One does not
usually consider the evil, demonic, and twisted qualities of something as pure as
dance.
Charles
Dickens, however, uses this to his advantage. In A Tale of Two Cities, during chapter five of book three, The Wood Sawyer, readers are treated to
a curious metaphor. During this
chapter, Lucie stands outside the prison wall—a position of which Darnay can
see her but she cannot see him—and is constantly bothered and disturbed by a
man previously known as the mender of roads, and now the wood-sawyer.
However,
despite its namesake, the part of this chapter that I believe stood out the
most was not the mysteriously unnamed character, but Dicken’s description of
the Carmagnole, or dance of the revolution. We first witness the dance when
Lucie is once again waiting by the prison, and is “filled with fear” when the
dance approaches her.
The
paragraph describing the dance is long, but a passage of it reads:
“There could not have been fewer than
five hundred people, and they were dancing like five thousand demons…No fight
could have been half so terrible as this dance. It was so emphatically a fallen
sport—a something once innocent delivered over to all devilry—a healthy pastime
changed into a means of angering the blood, bewildering the senses, and
steeling the heart. Such grace as was visible in it, made it the uglier,
showing how warped and perverted all things good by nature were become”(288-289).
The
Carmagnole is a perfect metaphor of the revolution itself. The revolution,
which started off with motives so pure and simple that it can only be compared to dance, has
distorted into something disgusting; something so frightening that it entrances
Lucie with fear at its mere passing. The war, at this point in the book,
carries barely a shadow of the original purposes it served--instead of being
driven by justice and a thirst for equality; it is now surrounded by
meaningless violence, distrust, and greed.
Five hundred
dancing demons. 25 million real demons.
While it is
described as graceful, the dance shows “how warped and perverted all things
good by nature were become.” This directly correlates France at this time. The
revolutionists, while killing hundreds of people every day, believe that their
murder is not only justified, but in fact bettering the country and its people.
The deadly grace of the war is the people’s minds—their “bewildered,” “warped,” and “perverted” minds.
An example
of their twisted heads comes through Dickens repeated us of the phrase “liberty,
equality, fraternity, or death.” When uttered, it is seen as a statement
proclaiming the wonders of France and the positive aspects of its people. They
have avenged their oppressive leaders. They have gained freedom. They have
saved countless lives.
However, as the Carmagnole is simply a ghost of a pastime filled with mirth and happiness, those words are simply vestiges of what once was true,
good intent. What once meant what it read, “liberty, equality, and fraternity”

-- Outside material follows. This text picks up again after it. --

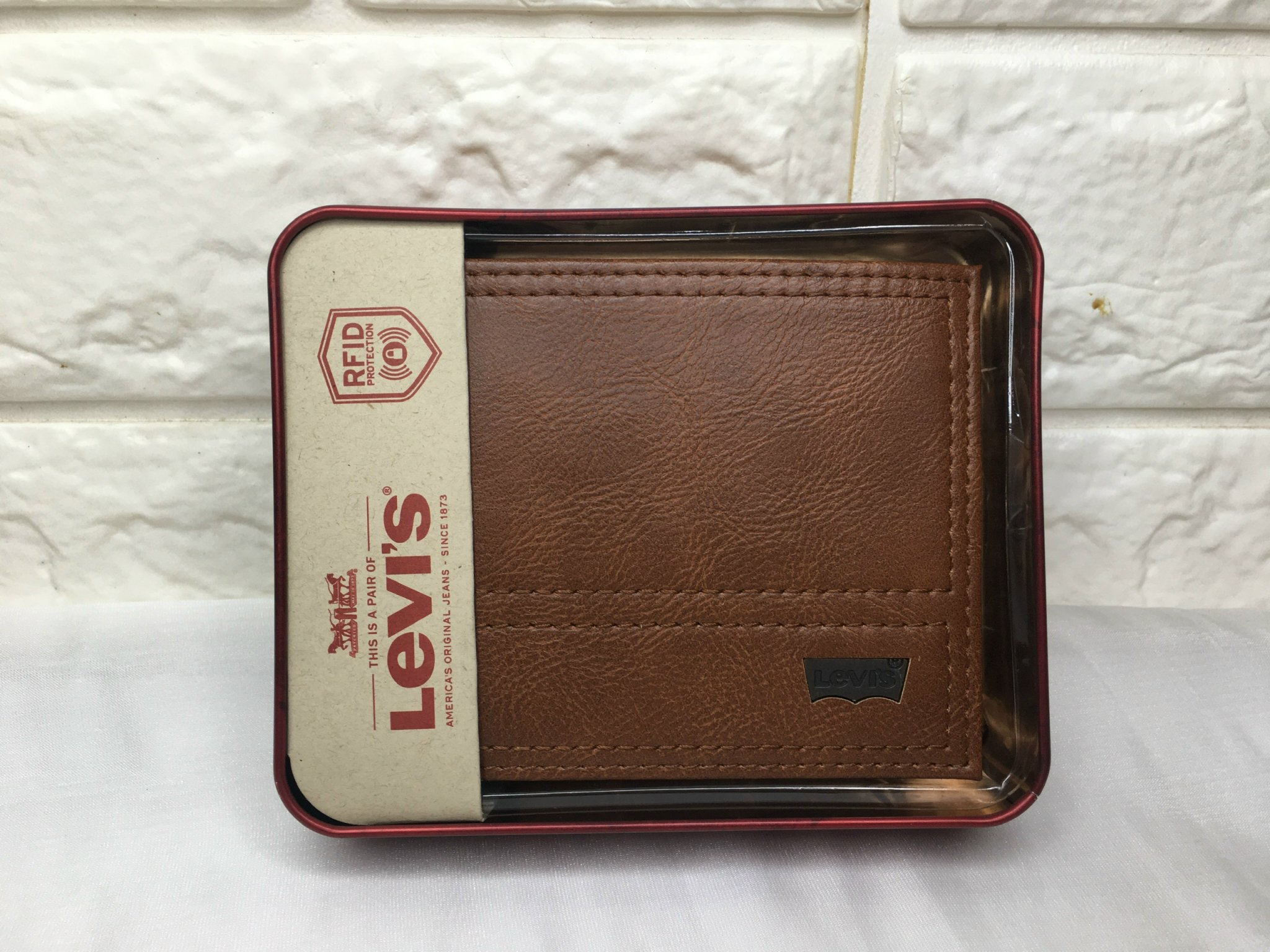 Bóp ví Nam Levi's - Hàng USA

are now used ironically and often spoken by extremely violent and power-hungry
people. Those who use that statement have
killed thousands of innocent people for not abiding by their definition of it. The revolutionists have essentially become
as evil as the aristocrats that caused them to rebel.
The motives
of the people of France have changed, and there is no changing back. Their
minds have shifted into twisted parodies of morals. I firmly believe that A Tale of Two Cities will continue to
get darker as we delve deeper into their contorted heads.